立刻拔出林宛月所贈的符劍,兩指一拂,抵住劍尖道:“引風動雷,無有不應!兵戈所向,即我所令!”
一縷金色從劍身落入水中,入水的刹那間化作一道劍影斬下!水面如沸,四方水流朝著此處匯聚,不過片刻之間便形成了一個巨大的漩渦。
薑思驚懼道:“快住手!你會害死我們的!”
洛元秋一看那漩渦便知不會錯,馬上松動筋骨,捏了捏鼻子,做好往漩渦裡跳的準備,聞聲道:“你可是住在海邊的人,鳧水總會吧?”
薑思怒道:“這關鳧水什麽事?!”
洛元秋不去理她,忽覺手腕纏上了什麽東西,低頭一看,原來景瀾把繩子綁在了兩人手腕上,便安慰道:“用不著擔心,水下都是空的,等到了你就知道了。你要是害怕,可以抱住我。”

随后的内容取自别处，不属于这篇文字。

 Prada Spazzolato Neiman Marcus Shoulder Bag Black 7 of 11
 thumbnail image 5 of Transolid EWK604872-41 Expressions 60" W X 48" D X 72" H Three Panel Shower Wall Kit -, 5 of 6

景瀾不等她說完便摟住了她的腰,鼻尖在她臉上輕輕一蹭,道:“自然都聽師姐的。”
洛元秋一笑,道:“這時候倒知道要聽我的了,平時怎麽不見你這麽聽話?”
話落木筏再難保持平衡,很快被卷入漩渦,在薑思的驚叫聲裡朝水中墜去。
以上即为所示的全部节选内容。